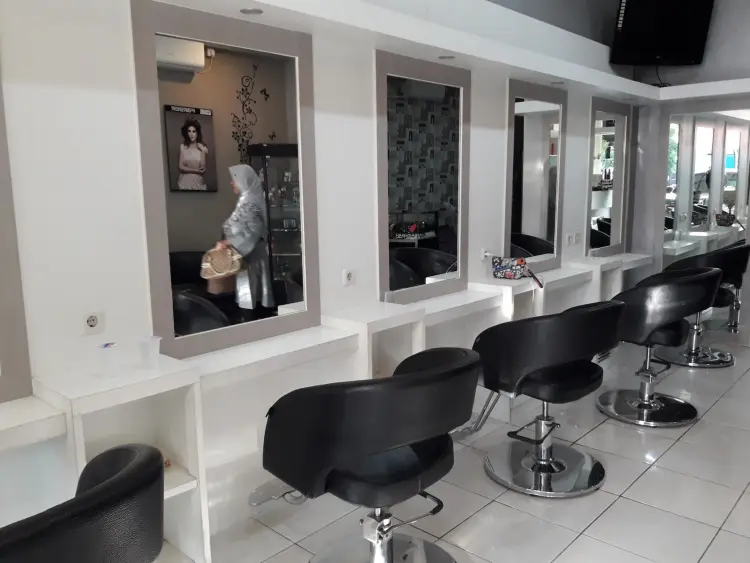 Queen Salon & Beauty 1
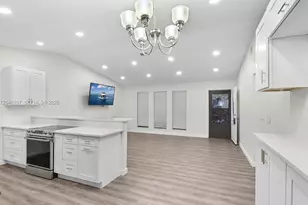 981 SW Bay State Rd, Port Saint Lucie, FL 34953 - Photo 5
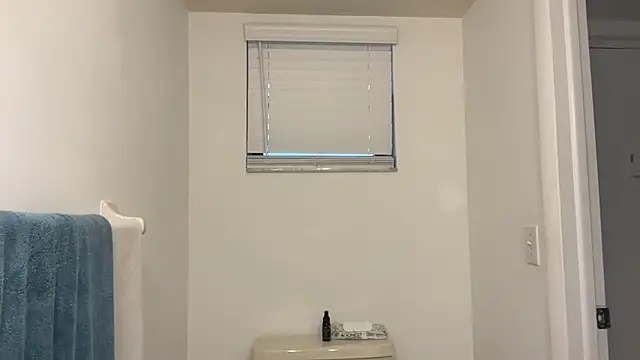 Snapshot of prettyykitty22 chatting on 02.15.26 prettyykitty22 online show from 02.15.26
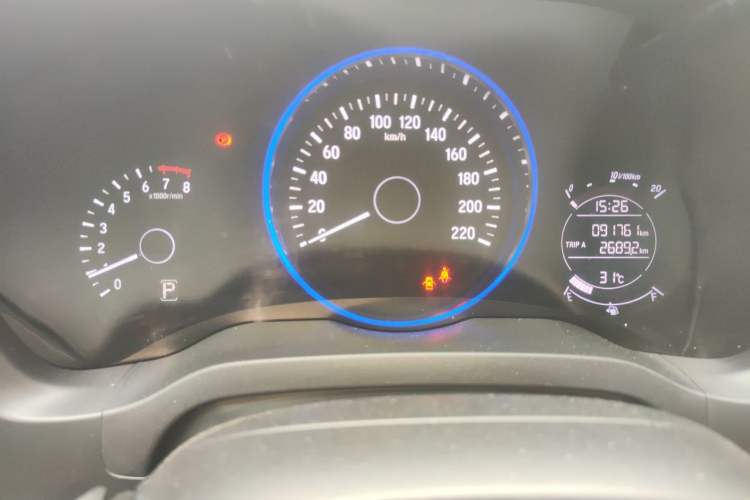 Used Honda Vezel 2020 1.5L CVT Pioneer Edition Odometer Close Up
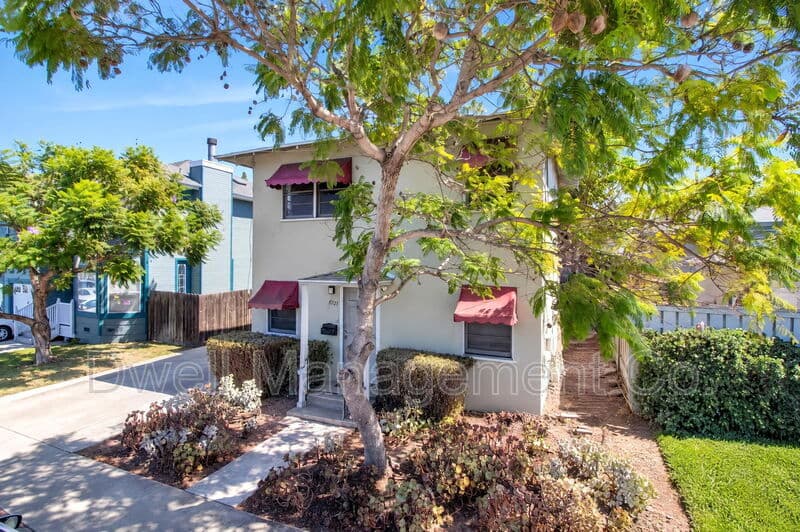 La Mesa Condo: 4833 Cypress St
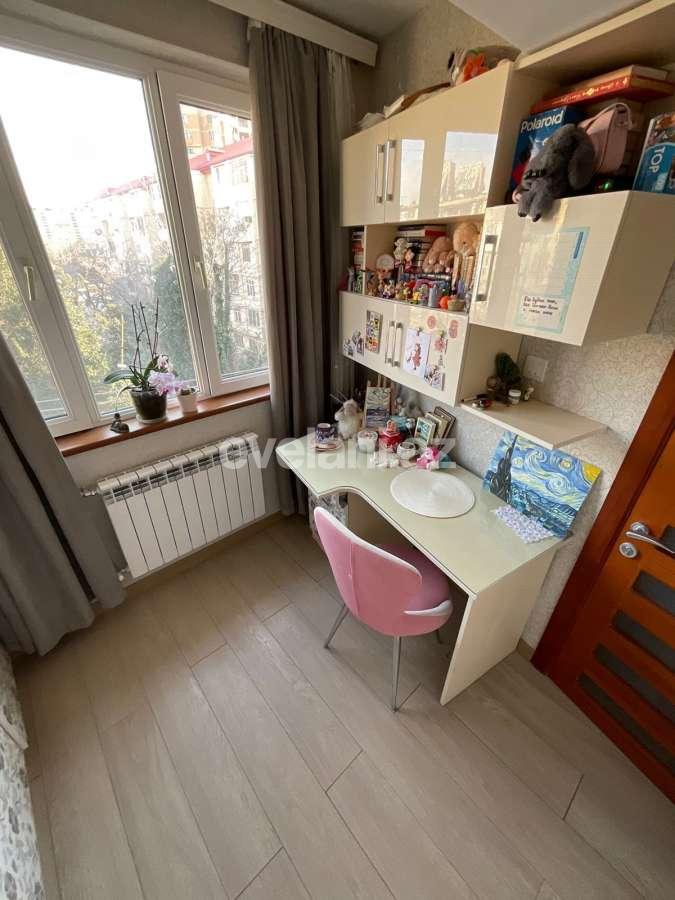 Sale, old building, 3 room, 60 m², Baku, Yasamal r.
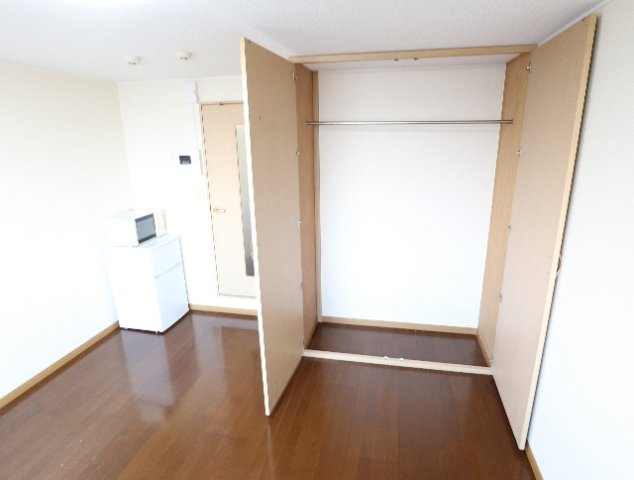 収納　ゆったりとした居間です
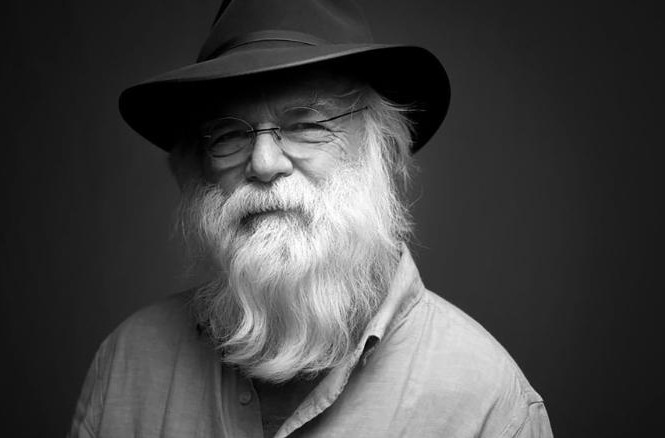 Ca sĩ Mỹ đột tử khi đang biểu diễn trên sân khấu David Olney hưởng thọ 71 tuổi.
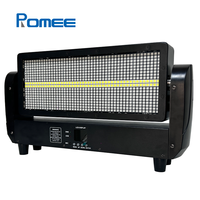Lumière stroboscopique à tête mobile dynamique RVB + LED blanche DMX512 avec effet de poursuite pour l'éclairage de scène de spectacle d'événement de concert de DJ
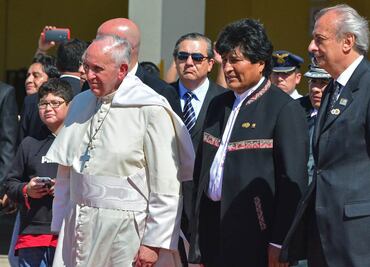 Papa Francisco deja Bolivia rumbo a Paraguay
----------
--- What you will do ---
Whatever the records hold apart from pictures should be repeated exactly.

--- Solution ---
 Queen Salon & Beauty 1
 981 SW Bay State Rd, Port Saint Lucie, FL 34953 - Photo 5
 Snapshot of prettyykitty22 chatting on 02.15.26 prettyykitty22 online show from 02.15.26
 Used Honda Vezel 2020 1.5L CVT Pioneer Edition Odometer Close Up
 La Mesa Condo: 4833 Cypress St
 Sale, old building, 3 room, 60 m², Baku, Yasamal r.
 収納　ゆったりとした居間です
 Ca sĩ Mỹ đột tử khi đang biểu diễn trên sân khấu David Olney hưởng thọ 71 tuổi.
Lumière stroboscopique à tête mobile dynamique RVB + LED blanche DMX512 avec effet de poursuite pour l'éclairage de scène de spectacle d'événement de concert de DJ
 Papa Francisco deja Bolivia rumbo a Paraguay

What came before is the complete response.